First-line Treatment of Participants With Stage IV Squamous Non-Small Cell Lung Cancer With Necitumumab and Gemcitabine-Cisplatin (SQUIRE)

• Kaplan-Meier Estimate for Progression-free survival (PFS) [ Time Frame: Approximately 31 months ] [ Designated as safety issue: No ]
  PFS is measured from randomization to the first radiographically documented progressive disease (PD) or death. Participants alive and without disease progression or lost to follow-up will be censored to the day of their last radiographic assessment.
• Objective Response Rate(ORR) [ Time Frame: Approximately 31 months ] [ Designated as safety issue: No ]
  Proportion of participants who achieved a best overall response of complete response (CR) or partial response (PR) compared to the total number of participants. Best response is categorized using the Response Evaluation Criteria In Solid Tumors (RECIST) (ver 1.0) guidelines.
• Time to Treatment Failure (TTF) [ Time Frame: Approximately 31 months ] [ Designated as safety issue: No ]
  TTF is defined as the time from the date of randomization until the date of the first radiographic documentation of PD, death due to any cause, discontinuation of treatment for any reason, or initiation of new cancer therapy.
• Summary Listing of Participants Reporting Treatment-Emergent Adverse Events [ Time Frame: Approximately 31 months ] [ Designated as safety issue: Yes ]
  Number of participants with adverse events (AEs) collected from Day 1 [start of IMC-11F8 (necitumumab) in combination with gemcitabine-cisplatin] until 30 days after the last dose of therapy or resolution of study-related AEs. AEs will be summarized by MedRRA System Organ Class and predefined term.
• Change from baseline in Patient Reported Outcomes (PRO) using the European Quality of Life-5 Dimension (EQ-5D) at 31-months [ Time Frame: 31 months ] [ Designated as safety issue: No ]
  Change from baseline to the end of therapy visit approximately 31-months.
• Change from baseline in Patient Reported Outcomes (PRO) using the Outcomes Lung Cancer Symptom Scale (LCSS) at 31-months. [ Time Frame: 31 months ] [ Designated as safety issue: No ]
  Change from baseline to the end of therapy visit approximately 31-months.
• Minimum concentration (Cmin) of IMC-11F8 [ Time Frame: Day 1 of Cycle 1, 2, 3, 4, 5 and 6 prior to 11F8 drug infusion ] [ Designated as safety issue: No ]
• Serum Anti-IMC-11F8 (necitumumab) Antibody Assessment [ Time Frame: 31 months ] [ Designated as safety issue: Yes ]
  Number of participants who showed detectable levels of antibody at any point in the study

The research study is testing the investigational drug necitumumab (IMC-11F8) in the treatment of advanced non-small cell lung cancer. The aim of this study is to determine if necitumumab (IMC-11F8), given together with a standard chemotherapy combination consisting of cisplatin and gemcitabine will be more effective in improving patient disease than the standard chemotherapy combination alone.

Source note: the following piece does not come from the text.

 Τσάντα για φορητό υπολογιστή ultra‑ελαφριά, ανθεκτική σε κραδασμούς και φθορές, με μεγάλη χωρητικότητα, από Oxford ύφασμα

Approximately 1080 patients (age ≥ 18 years) with histologically- or cytologically-confirmed, stage iv squamous-cell NSCLC, who have received no prior therapy for metastatic disease, will be randomized on a 1:1 basis to receive first-line necitumumab (IMC-11F8) plus chemotherapy consisting of gemcitabine and cisplatin in study Arm A, or gemcitabine-cisplatin chemotherapy alone in study Arm B. Baseline radiographic assessment of disease will be performed within 21 days prior to randomization (first treatment will be administered within 7 days following randomization). Patients will undergo radiographic assessment of disease status (computed tomography or magnetic resonance imaging) every 6 weeks (± 3 days), until there is radiographic documentation of progressive disease (PD). Chemotherapy will continue for a maximum of six cycles in each arm (or until there is radiographic documentation of PD, toxicity requiring cessation, protocol noncompliance or withdrawal of consent); patients in Arm A only will continue to receive necitumumab (IMC-11F8) until there is radiographic documentation of PD, toxicity requiring cessation, protocol noncompliance, or withdrawal of consent.

After the end-of-study-visit (following PD), follow-up information regarding further anticancer treatment and survival will be collected every 2 months (± 7 days). For patients who discontinue study for reasons other than PD (eg, symptomatic deterioration), information on disease progression will also be collected until PD is documented. Follow-up will continue as long as the patient is alive, or until the end of the trial.

• Biological: necitumumab

  800 mg I.V. infusion on Days 1 and 8 of every 3 week cycle.

  Continues until progressive disease, toxicity, noncompliance, or withdrawal.

  Other Names:

  • IMC-11F8
  • anti-EGFR
  • LY3012211
• Drug: gemcitabine

  1250 mg/m2 on Days 1 and 8 of every 3 week cycle.

  Continues for a maximum of six cycles.

  Other Name: Gemzar®
• Drug: cisplatin

  75 mg/m2 IV on Day 1 of every 3 week cycle.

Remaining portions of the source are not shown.